Siempre, sin embargo, tal vez allá en lo más hondo de nuestras personas, hay algo que permanece incólume hasta con el paso de los años, la pérdida de todos los derechos, y la desaparición de la hidra, que no del veneno. No sé porqué, siendo un jovencísimo estudiante, un crío, un profesor nos leyó un día la historia de Herakles... Aquella lejana mañana, la recuerdo como si fuera hoy, se me despertó una profunda simpatía por Herakles; y sentí una enorme lástima por él. La he recordado con suma viveza. Y desde luego ningún político ni politicastro actual se le asemeja ni se le puede asemejar: les falta grandeza y amplitud de miras, entrega y pasión. Ellos sólo sirven para ensuciar establos que tienen que limpiar los demás. Lo han ensuciado todo tanto y hasta tal extremo que están desnudando a la sociedad para que vivan bien quienes poseen el capital y los negocios. En el caso actual la porquería ha salido de los establos, los ha rebasado y llega ya a las estancias más altas y más íntimas. Es más sencillo, a estas alturas, meterse en el pantano, o enfrentarse con el león de Nemea, que intentar si quiera corregir lo que tantos años lleva torcido y oliendo mal, tan mal como una inmensa cloaca. Y lo peor es que no hay voluntad de mejorar. Afortunadamente, siempre hay algo bueno en todas las cosas: no tengo hijos.

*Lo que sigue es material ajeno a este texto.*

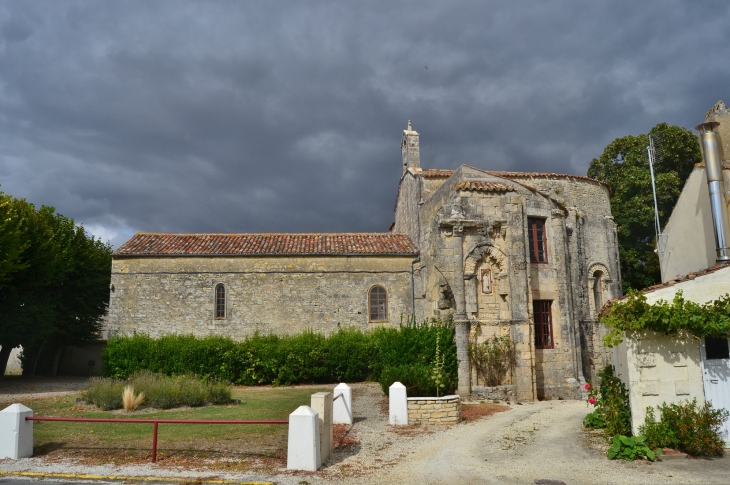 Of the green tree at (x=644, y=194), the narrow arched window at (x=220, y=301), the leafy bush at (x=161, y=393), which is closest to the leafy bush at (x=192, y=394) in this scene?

Estoy escribiendo una gruesa biografía del héroe. Cuando la termine me haré una magnífica tortilla de medicamentos. En esta vida hay vivencias, como las de Herakles, o la de aquel anciano, que son clásicas, es decir dignas de imitación. El establo emite un hedor insoportable. Y la cola del paro cada vez es más larga y más joven. ¿A dónde irá el buey que no are? Espero que el Estado tenga la decencia de no enviarme ninguna apestosa corona. Gracias.